— PROBLEM TO SOLVE —
Please output exactly the lines below, starting at the line that has "RI license plate 305868" and ending at the line that has "Bean Red Stretchable", both included; leave out all pictures and include nothing else.

··· DATA RECORDS ···

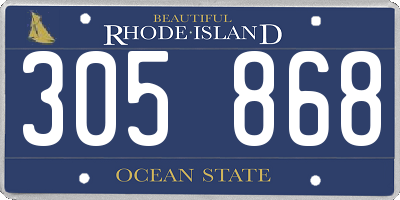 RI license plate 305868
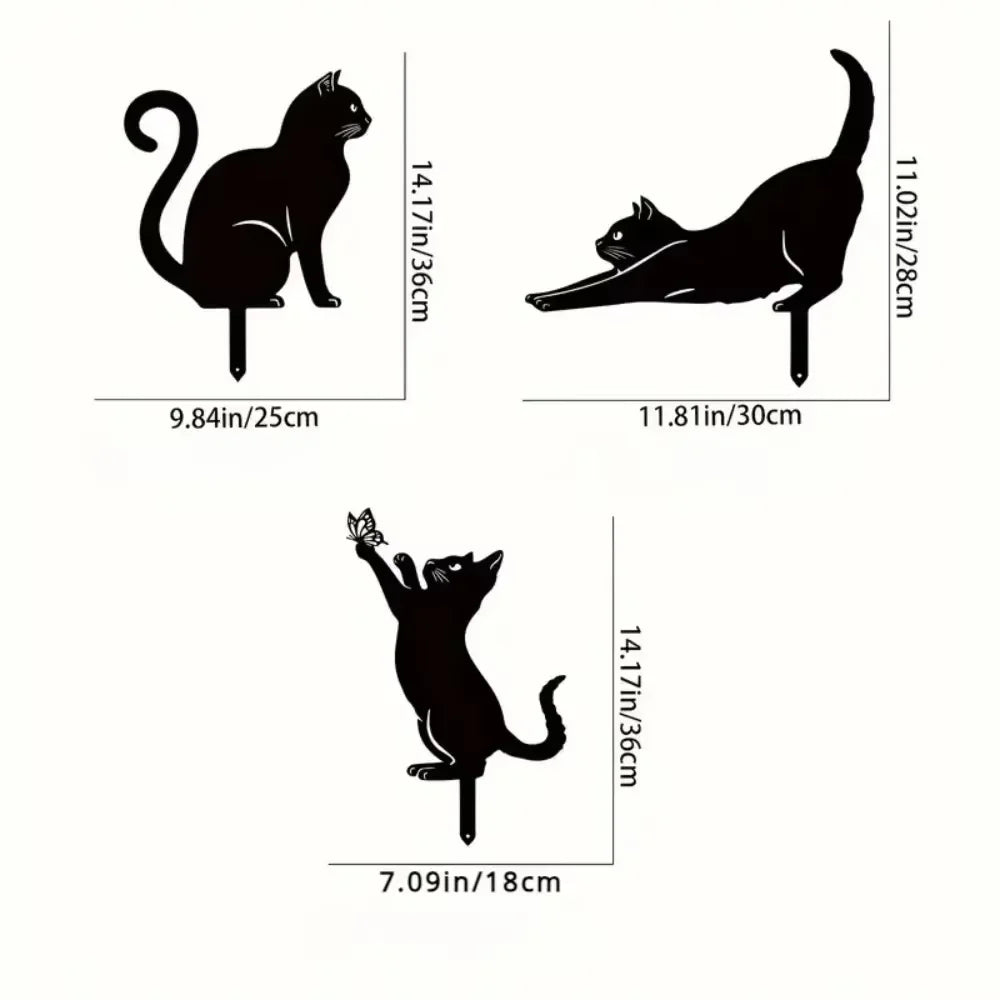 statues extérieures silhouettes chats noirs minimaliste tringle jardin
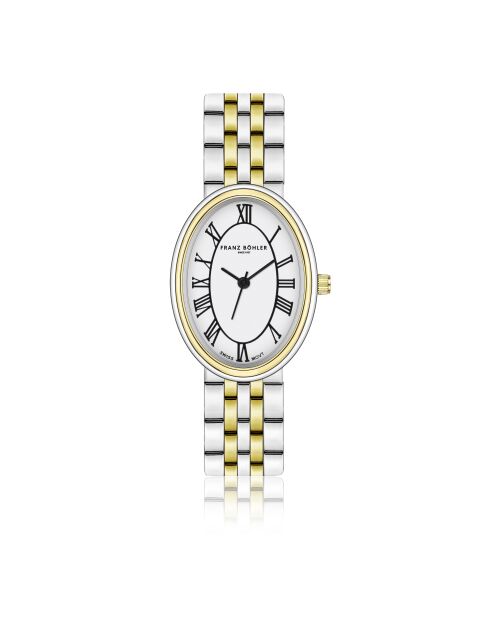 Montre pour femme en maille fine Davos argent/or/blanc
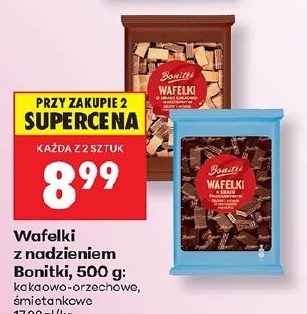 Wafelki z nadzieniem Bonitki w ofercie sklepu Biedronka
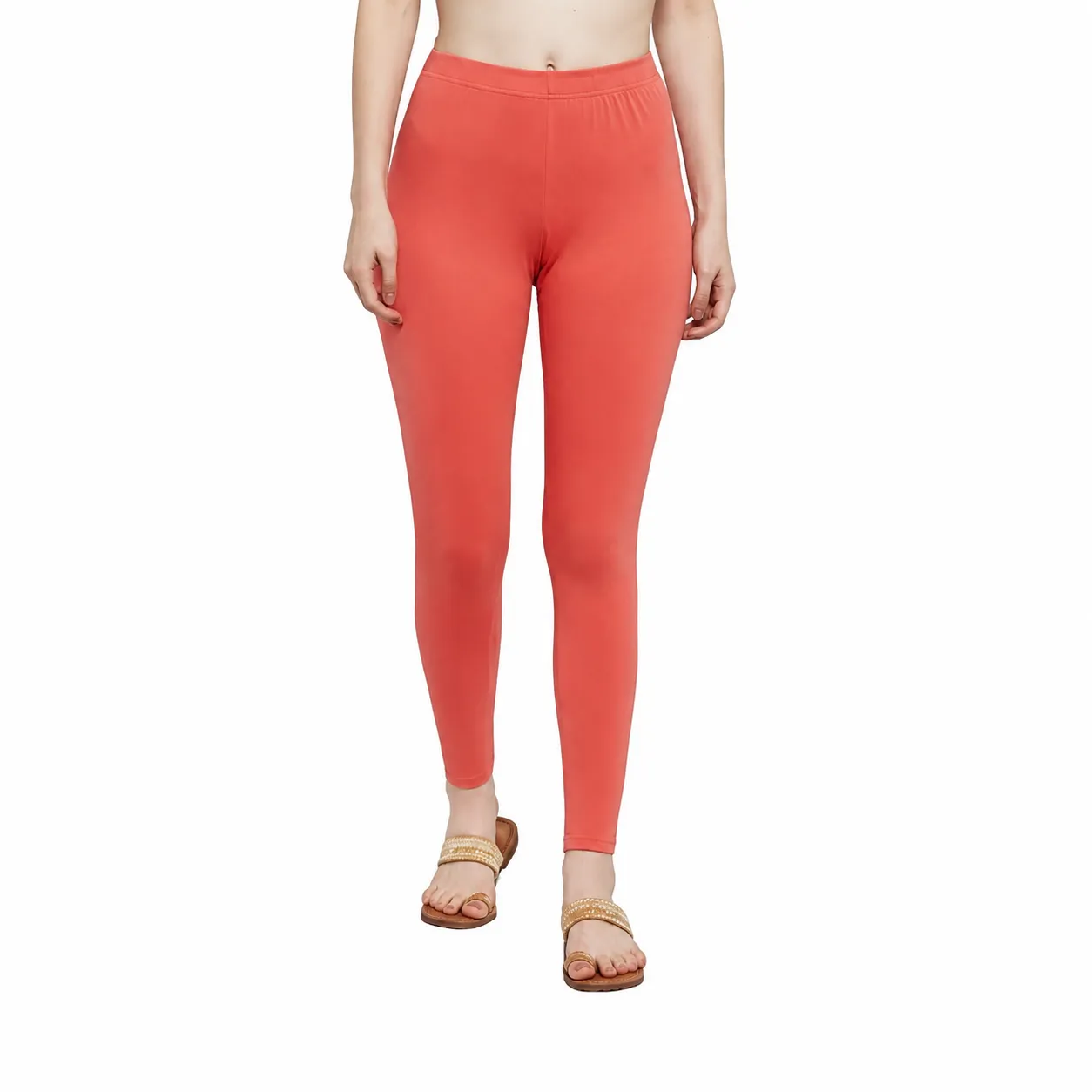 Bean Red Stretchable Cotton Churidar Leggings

···
··· DATA RECORDS ···

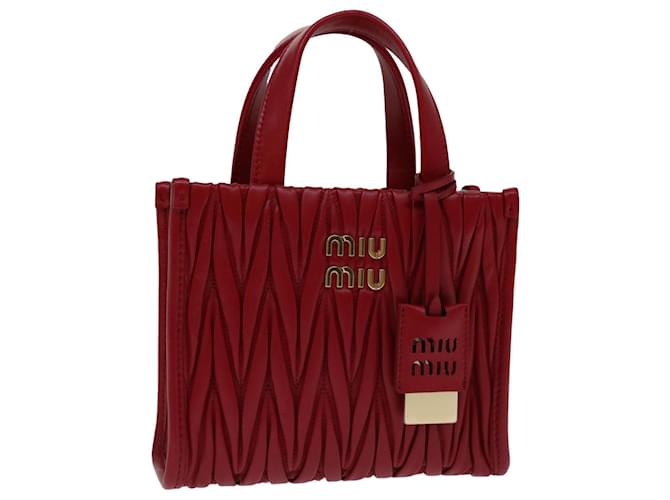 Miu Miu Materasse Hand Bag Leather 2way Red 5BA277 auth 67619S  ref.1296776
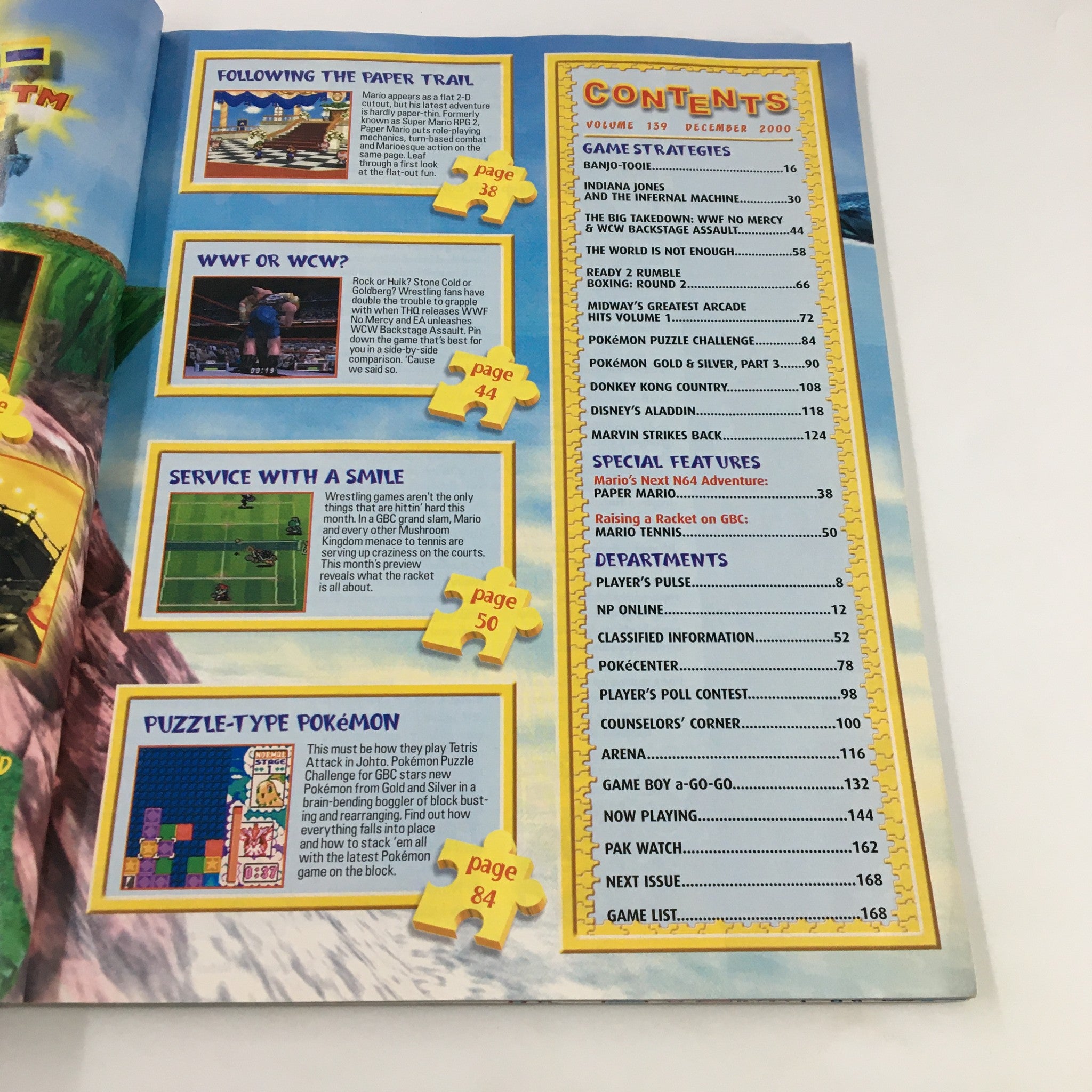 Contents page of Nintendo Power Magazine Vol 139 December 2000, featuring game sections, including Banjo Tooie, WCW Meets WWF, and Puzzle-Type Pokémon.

···

— RESPONSE BELOW —
 RI license plate 305868
 statues extérieures silhouettes chats noirs minimaliste tringle jardin
 Montre pour femme en maille fine Davos argent/or/blanc
 Wafelki z nadzieniem Bonitki w ofercie sklepu Biedronka
 Bean Red Stretchable Cotton Churidar Leggings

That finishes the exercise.